Visual large models (LVLMs) have made significant progress in the field of image understanding, but the "illusion phenomenon" has become a bottleneck in its development. To address this problem, the Taotian Group Future Life Laboratory team proposed a new method called "Token Preference Optimization" (TPO), which effectively improves the model's visual impact by introducing a self-calibrated visual anchoring reward mechanism. Information dependence, thereby reducing the probability of hallucinations. The core of TPO is to automate the generation of token-level reward signals, avoiding tedious manual annotation, and assigning rewards to each token that reflect its dependence on visual information, improving model performance.
The biggest innovation of TPO is that it implements automated token-level reward signals. This method can automatically identify visually anchored tokens in preference data, avoiding the tedious manual fine-grained annotation, while assigning each token a reward that reflects its dependence on visual information during the training process. This self-calibrated visually anchored reward signal is designed to optimize the model's dependence on visual information, thereby effectively mitigating the occurrence of hallucinations.
Research shows that models using TPO significantly outperform traditional methods in multiple evaluation benchmarks, especially in more complex tasks, where the answers generated by the model increasingly rely on image information rather than prior knowledge of the language model. This progress not only improves the understanding of the model, but also provides an important theoretical basis for further research.
In addition, the research team also conducted ablation experiments on different parameter settings of TPO and found that optimized noise addition steps and reward distribution strategies can further improve model performance.

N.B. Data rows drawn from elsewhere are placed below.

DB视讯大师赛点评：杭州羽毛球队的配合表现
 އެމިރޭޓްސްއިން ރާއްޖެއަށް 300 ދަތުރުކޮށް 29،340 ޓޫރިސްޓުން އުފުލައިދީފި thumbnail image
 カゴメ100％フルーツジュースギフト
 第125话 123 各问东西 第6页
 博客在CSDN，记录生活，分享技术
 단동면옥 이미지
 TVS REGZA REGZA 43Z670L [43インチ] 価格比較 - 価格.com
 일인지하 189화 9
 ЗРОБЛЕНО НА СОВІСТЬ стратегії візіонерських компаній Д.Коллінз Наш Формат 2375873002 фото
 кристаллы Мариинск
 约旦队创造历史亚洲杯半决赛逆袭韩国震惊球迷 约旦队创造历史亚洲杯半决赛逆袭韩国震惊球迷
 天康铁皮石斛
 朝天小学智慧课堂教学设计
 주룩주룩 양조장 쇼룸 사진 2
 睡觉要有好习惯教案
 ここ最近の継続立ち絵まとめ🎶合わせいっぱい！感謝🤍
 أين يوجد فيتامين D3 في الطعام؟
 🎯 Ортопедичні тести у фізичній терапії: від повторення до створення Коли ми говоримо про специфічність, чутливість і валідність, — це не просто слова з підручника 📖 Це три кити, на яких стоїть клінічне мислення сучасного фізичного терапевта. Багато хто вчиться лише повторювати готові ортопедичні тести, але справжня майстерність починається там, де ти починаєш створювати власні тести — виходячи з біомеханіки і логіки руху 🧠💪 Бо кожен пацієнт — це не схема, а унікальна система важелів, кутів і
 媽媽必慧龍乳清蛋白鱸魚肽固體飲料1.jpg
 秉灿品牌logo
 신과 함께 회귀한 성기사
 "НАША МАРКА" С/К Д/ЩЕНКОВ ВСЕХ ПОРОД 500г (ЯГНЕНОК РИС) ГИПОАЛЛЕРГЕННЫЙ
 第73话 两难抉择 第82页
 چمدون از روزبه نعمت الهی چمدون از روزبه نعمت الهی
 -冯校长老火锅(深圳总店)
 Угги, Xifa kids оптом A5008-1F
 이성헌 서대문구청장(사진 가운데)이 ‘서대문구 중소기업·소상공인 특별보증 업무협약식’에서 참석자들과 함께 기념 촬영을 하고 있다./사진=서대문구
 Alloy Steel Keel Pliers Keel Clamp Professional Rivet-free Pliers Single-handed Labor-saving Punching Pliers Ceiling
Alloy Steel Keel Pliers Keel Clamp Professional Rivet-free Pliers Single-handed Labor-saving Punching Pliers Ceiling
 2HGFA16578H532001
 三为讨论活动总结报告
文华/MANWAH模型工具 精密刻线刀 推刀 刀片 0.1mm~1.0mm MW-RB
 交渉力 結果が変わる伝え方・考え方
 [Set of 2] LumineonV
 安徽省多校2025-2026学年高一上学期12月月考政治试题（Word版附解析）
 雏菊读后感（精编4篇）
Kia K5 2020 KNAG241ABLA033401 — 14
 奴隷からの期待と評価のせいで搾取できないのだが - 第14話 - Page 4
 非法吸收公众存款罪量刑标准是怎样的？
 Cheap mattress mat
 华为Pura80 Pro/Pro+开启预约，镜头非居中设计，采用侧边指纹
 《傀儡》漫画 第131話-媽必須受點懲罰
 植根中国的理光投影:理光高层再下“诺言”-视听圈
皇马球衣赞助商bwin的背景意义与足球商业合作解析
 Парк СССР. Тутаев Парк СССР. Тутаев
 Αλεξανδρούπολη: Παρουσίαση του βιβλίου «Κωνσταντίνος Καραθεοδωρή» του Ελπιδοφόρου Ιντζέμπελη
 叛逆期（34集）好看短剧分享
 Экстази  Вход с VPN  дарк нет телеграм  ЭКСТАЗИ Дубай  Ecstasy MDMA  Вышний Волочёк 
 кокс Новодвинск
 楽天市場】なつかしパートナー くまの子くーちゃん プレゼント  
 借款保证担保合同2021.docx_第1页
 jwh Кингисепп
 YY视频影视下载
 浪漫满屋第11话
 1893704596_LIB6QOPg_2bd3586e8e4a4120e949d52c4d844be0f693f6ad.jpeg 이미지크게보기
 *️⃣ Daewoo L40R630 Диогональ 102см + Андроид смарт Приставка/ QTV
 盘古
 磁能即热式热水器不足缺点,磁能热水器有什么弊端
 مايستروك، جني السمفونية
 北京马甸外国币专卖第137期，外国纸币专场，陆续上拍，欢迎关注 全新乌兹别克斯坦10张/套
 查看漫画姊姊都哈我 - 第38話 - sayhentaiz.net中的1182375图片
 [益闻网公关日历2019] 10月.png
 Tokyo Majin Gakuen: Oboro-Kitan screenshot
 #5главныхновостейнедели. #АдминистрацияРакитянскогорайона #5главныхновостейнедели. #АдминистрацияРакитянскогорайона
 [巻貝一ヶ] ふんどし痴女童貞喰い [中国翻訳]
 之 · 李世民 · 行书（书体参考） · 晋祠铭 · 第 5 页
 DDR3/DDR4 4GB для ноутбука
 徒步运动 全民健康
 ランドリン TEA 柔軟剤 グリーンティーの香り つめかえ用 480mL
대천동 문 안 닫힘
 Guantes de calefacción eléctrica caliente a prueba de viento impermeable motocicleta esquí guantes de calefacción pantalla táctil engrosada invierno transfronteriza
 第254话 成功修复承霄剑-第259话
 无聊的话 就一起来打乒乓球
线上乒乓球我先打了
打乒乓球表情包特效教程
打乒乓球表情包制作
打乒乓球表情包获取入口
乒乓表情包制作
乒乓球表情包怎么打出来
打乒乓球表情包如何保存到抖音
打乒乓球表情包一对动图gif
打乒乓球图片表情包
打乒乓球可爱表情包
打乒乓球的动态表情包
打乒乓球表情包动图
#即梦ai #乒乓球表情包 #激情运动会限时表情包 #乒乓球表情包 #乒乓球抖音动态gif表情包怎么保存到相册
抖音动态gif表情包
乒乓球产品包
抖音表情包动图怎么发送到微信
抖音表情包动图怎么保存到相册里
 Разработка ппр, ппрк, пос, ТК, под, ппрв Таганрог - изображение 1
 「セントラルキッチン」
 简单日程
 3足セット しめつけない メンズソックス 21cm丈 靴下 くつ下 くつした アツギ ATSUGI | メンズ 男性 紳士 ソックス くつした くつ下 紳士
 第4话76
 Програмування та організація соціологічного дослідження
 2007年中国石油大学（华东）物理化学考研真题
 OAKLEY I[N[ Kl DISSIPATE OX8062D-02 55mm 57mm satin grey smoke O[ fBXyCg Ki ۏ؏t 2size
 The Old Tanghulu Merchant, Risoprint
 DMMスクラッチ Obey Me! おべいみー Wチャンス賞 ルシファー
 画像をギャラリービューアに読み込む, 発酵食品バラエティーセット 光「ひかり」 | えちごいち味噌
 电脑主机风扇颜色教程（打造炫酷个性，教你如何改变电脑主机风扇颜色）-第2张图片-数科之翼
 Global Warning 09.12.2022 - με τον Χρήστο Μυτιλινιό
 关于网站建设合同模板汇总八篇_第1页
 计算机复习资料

This discovery undoubtedly points the direction for future research and application of large visual models.
In short, this innovative achievement of Taotian provides a new idea for multi-modal alignment technology and promotes the in-depth application of AI technology in the fields of life and consumption.
Through the application of the TPO method, the "illusion" problem of large visual models is effectively solved, the reliability and accuracy of the model are improved, and a new direction is provided for the future development of large visual models. It also provides a new direction for the application of artificial intelligence in real life. The application has laid a solid foundation and has important theoretical significance and application value. This research result contributes new strength to the development of multi-modal technology.